ACTIVITY:
I'd like the entire listing output verbatim, apart from the pictures.

RECORDED INFORMATION:

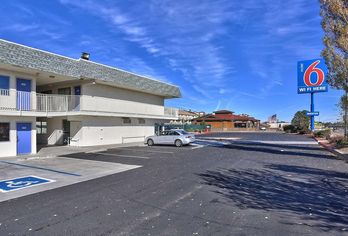 Hotel, Motel 6 Flagstaff-Butler Avenue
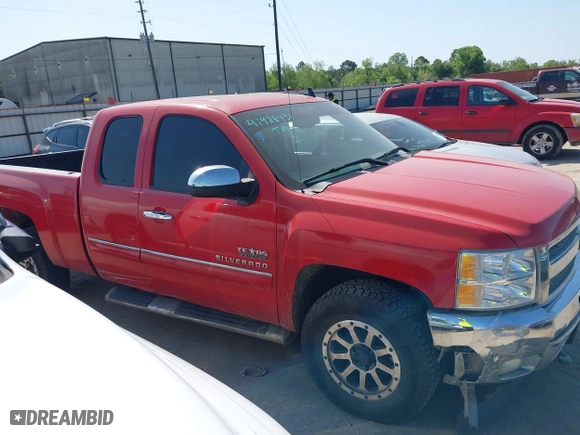 2012 Chevrolet Silverado 1500 LT with VIN 1GCRCSE03CZ319427, listed as a IAAI auction lot 41928431 with 98,408 mi miles. Bid and sale history available at carsss.com. Image 13.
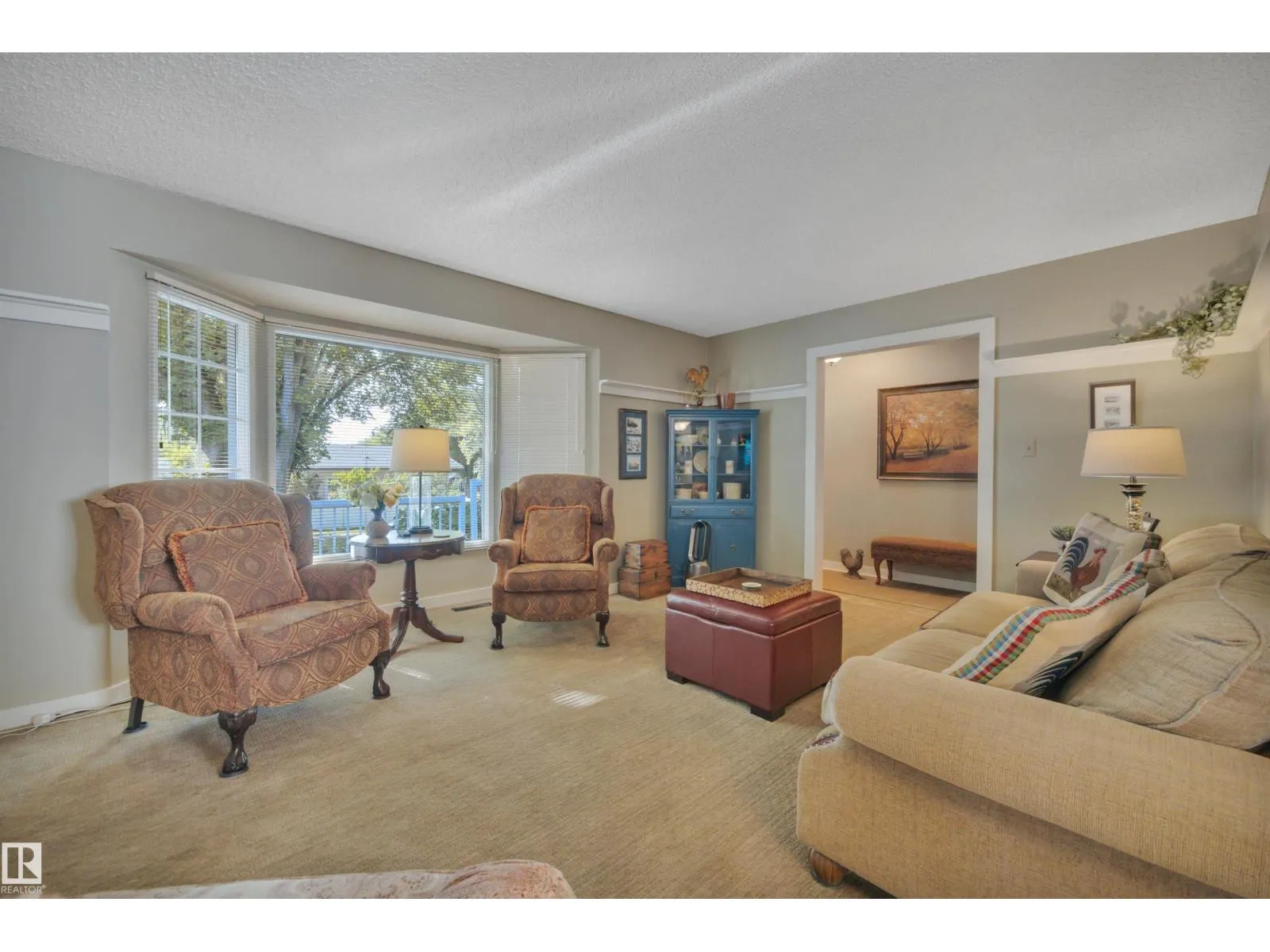9 BURNHAM AV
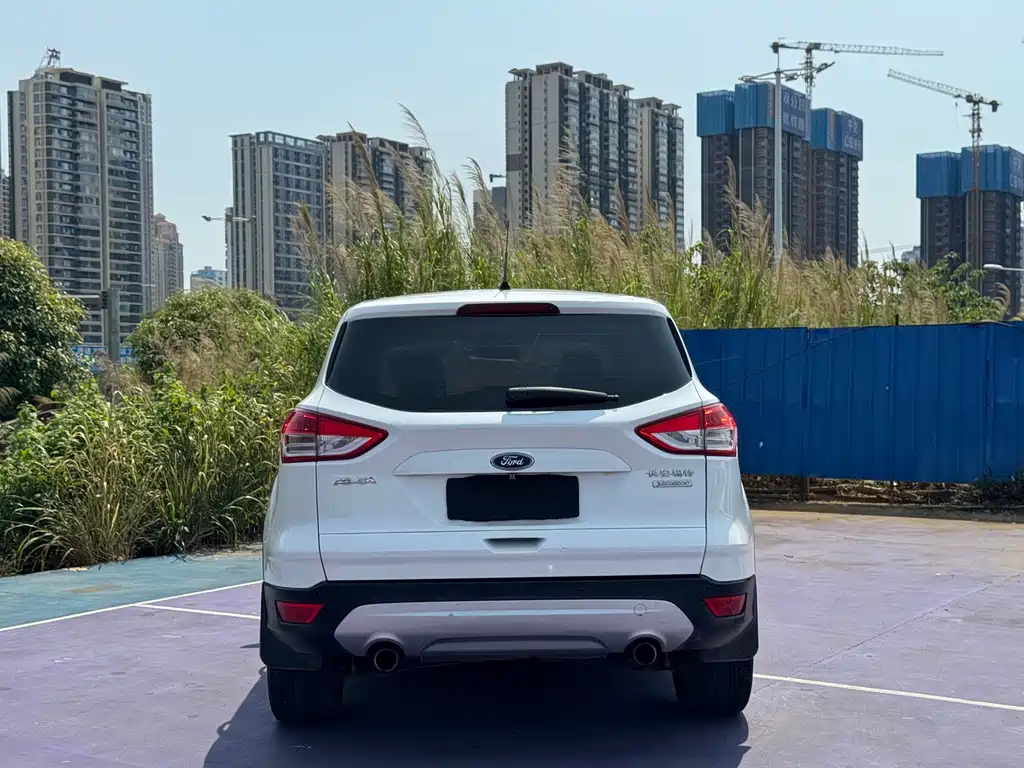 Ford Kuga 2016 — фото 6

SOLUTION BELOW:
 Hotel, Motel 6 Flagstaff-Butler Avenue
 2012 Chevrolet Silverado 1500 LT with VIN 1GCRCSE03CZ319427, listed as a IAAI auction lot 41928431 with 98,408 mi miles. Bid and sale history available at carsss.com. Image 13.
9 BURNHAM AV
 Ford Kuga 2016 — фото 6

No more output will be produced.